In the homework I have been working on, the following definition of Hessian was given:
Hess$f:=\nabla^2f:=\nabla$d$f$
But, in the solutions, the following identity was used:
Hess$f(X,Y)=X(Y(f))-$d$f(\nabla_XY)$
A similar identity (with different notation) was also given in the wikipedia page for Hessian. My question: is the following derivation of the given identity correct?
$X(Y(f))=\nabla_X($d$f(Y))\underline{=\nabla_X\nabla f(Y)+\nabla_XY(\nabla f)}=\nabla_X\nabla f(Y)+\nabla_XY($d$ f)=\nabla\nabla f(X,Y)+$d$f(\nabla_XY)$
I feel like something is not right. I have used the product rule on the underlined term, as "it felt right" although I can't find anything about it (d$f$(Y) is a vector field and covector field applied onto eachother such that the result is a function, but I can't find anything on the Internet about the variation of the Leibnitz rule in this specific case.).
 A: The Leibniz rule says that if $\alpha$ is a $1$-form and $X$, $Y$ are vector fields, then $X(\alpha(Y)) = (\nabla_X\alpha)(Y) + \alpha(\nabla_XY)$.
(Side note: It is also true with Lie derivatives, for instance $X(\alpha(Y)) = (L_X\alpha)(Y) + \alpha(L_XY)$.

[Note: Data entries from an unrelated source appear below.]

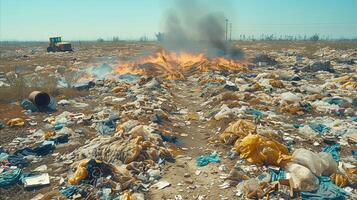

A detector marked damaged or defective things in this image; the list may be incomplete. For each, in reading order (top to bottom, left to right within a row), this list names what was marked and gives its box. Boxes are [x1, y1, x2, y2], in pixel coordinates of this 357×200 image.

rusty metal pipe [28, 90, 50, 106]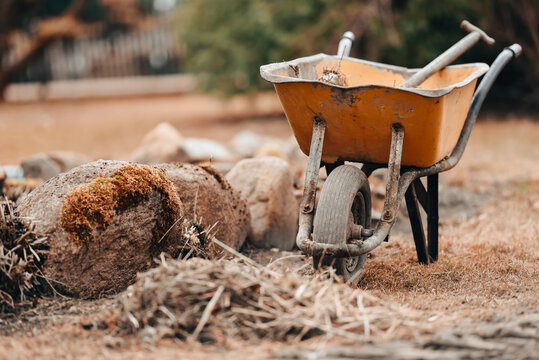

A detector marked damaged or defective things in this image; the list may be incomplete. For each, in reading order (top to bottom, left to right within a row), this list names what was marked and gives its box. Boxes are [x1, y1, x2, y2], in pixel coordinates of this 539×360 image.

rusty wheelbarrow tray [262, 43, 524, 284]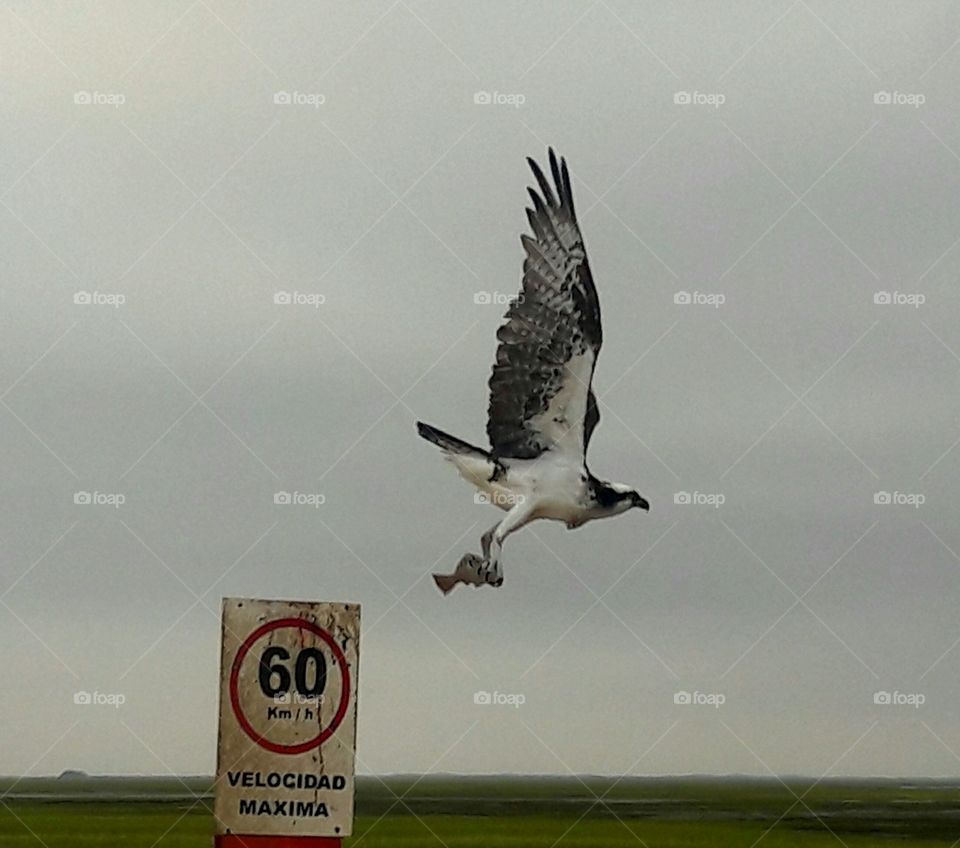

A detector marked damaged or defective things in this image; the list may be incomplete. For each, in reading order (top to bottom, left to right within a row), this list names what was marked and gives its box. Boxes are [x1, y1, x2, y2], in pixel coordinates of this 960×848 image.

rusty metal sign [215, 600, 360, 840]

More generally, this is usually how we define the action of derivations to other tensors than vector fields.)
Apply this to $\alpha = df$: this yields
$$
X(Yf) = (\nabla_Xdf)(Y) + df(\nabla_XY).
$$
To conclude, note that $(\nabla_Xdf)(Y) = (\nabla df)(X,Y)$ is just a matter of notations.

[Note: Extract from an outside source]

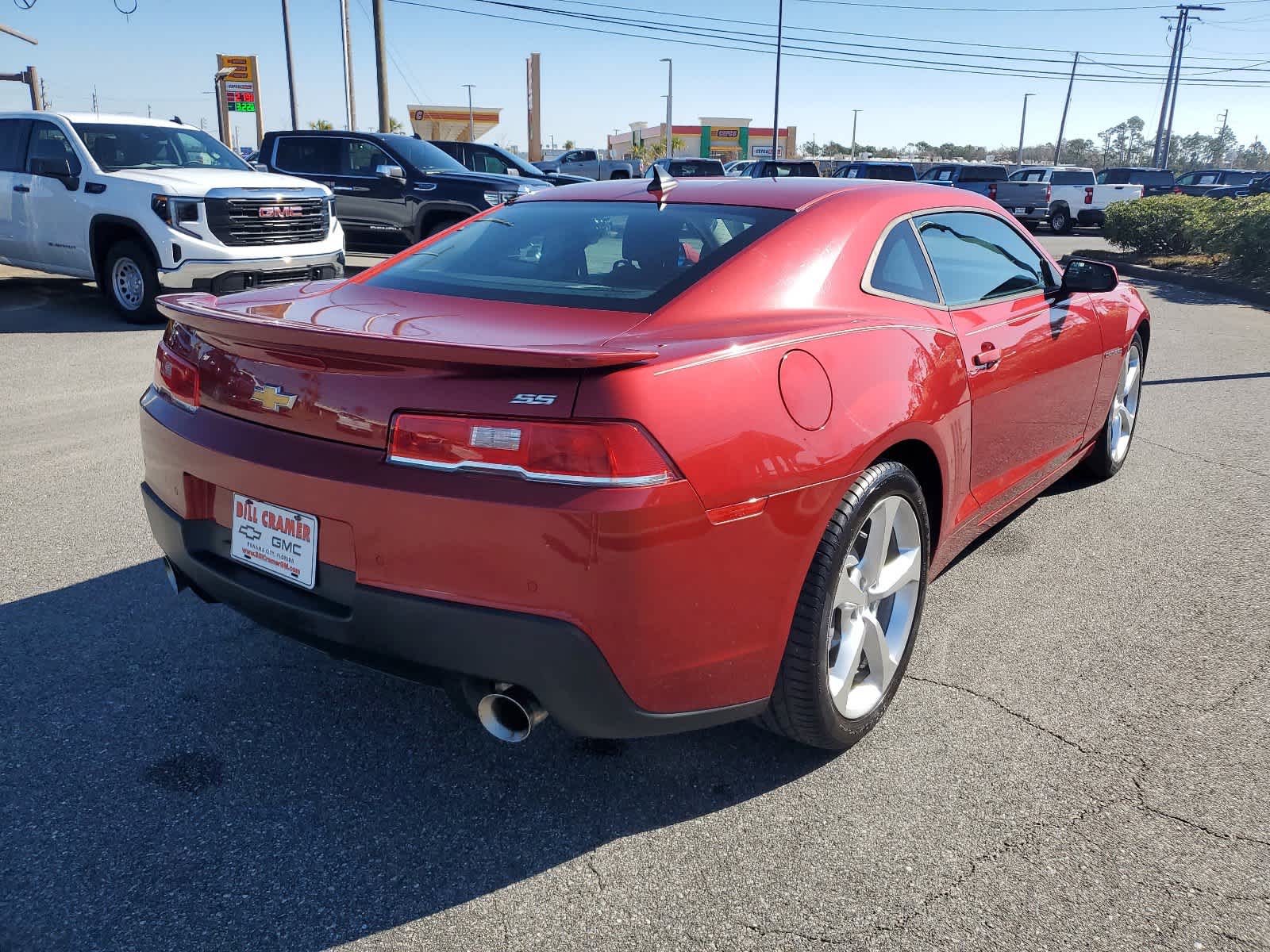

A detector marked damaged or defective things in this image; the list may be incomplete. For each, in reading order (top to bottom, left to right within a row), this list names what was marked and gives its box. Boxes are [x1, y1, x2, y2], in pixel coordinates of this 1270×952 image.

pavement crack [1137, 439, 1264, 485]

Alternatively, you can use the equivalent idea: $df(Y) = c(Y\otimes df)$ where $c$ is the contraction, and $\nabla_X$ commutes with contractions.

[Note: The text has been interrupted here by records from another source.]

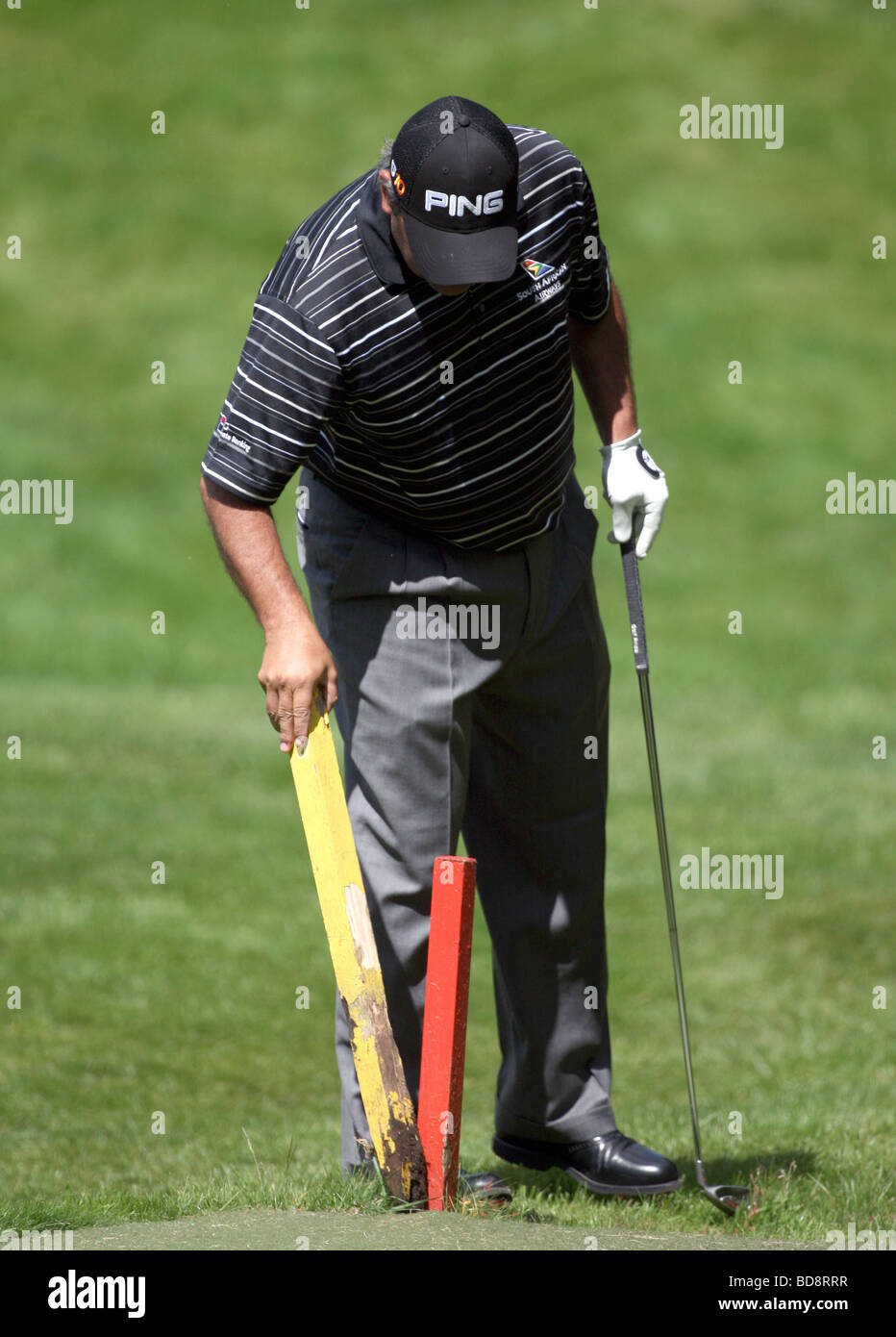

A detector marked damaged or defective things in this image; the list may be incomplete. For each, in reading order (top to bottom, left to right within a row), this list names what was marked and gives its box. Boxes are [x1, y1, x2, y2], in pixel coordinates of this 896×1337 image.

chipped yellow paint [289, 711, 424, 1203]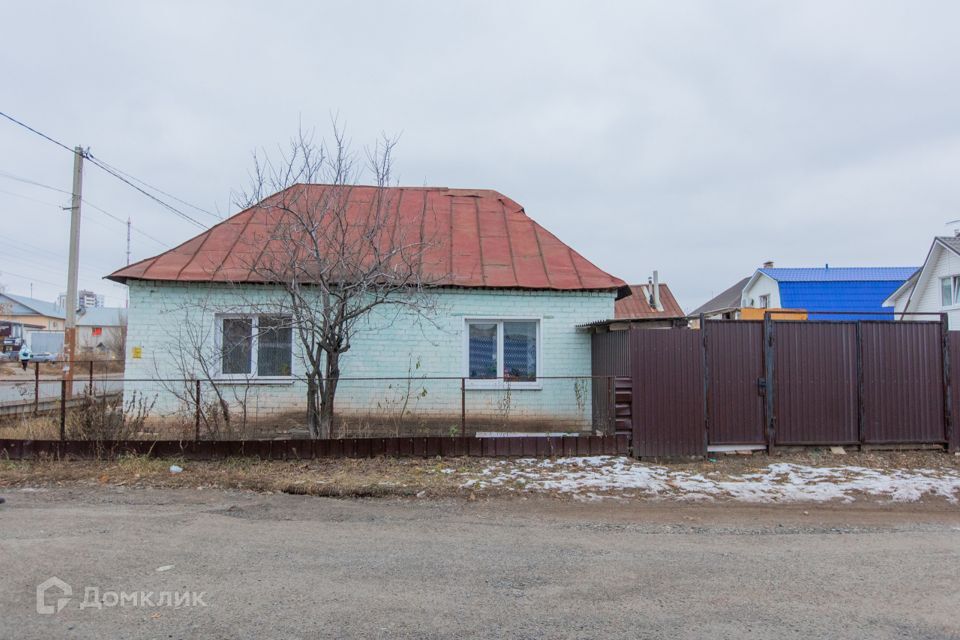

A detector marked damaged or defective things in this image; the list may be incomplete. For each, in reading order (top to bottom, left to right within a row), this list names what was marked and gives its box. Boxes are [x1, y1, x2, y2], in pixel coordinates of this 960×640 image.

rusty red metal roof [109, 185, 628, 292]
rusty red metal roof [616, 282, 684, 318]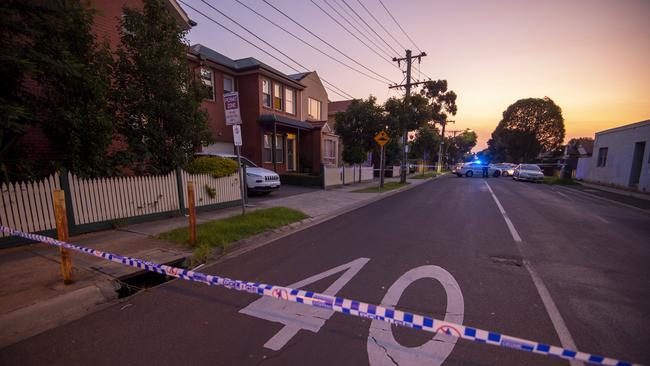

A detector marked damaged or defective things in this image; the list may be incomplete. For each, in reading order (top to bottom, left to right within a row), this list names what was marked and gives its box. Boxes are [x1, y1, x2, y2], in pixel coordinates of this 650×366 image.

crack in road [372, 336, 398, 364]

It follows from the Leibniz rule on tensors products $\nabla_X(T\otimes S) = (\nabla_XT)\otimes S + T\otimes (\nabla_XS)$ that
$$
X(Yf) = \nabla_X \left(c(Y\otimes df)\right) = c \left( \nabla_X(Y\otimes df)\right)=c (\nabla_XY\otimes df + Y\otimes \nabla_Xdf).  
$$
Now, you can conclude by linearity of the contraction.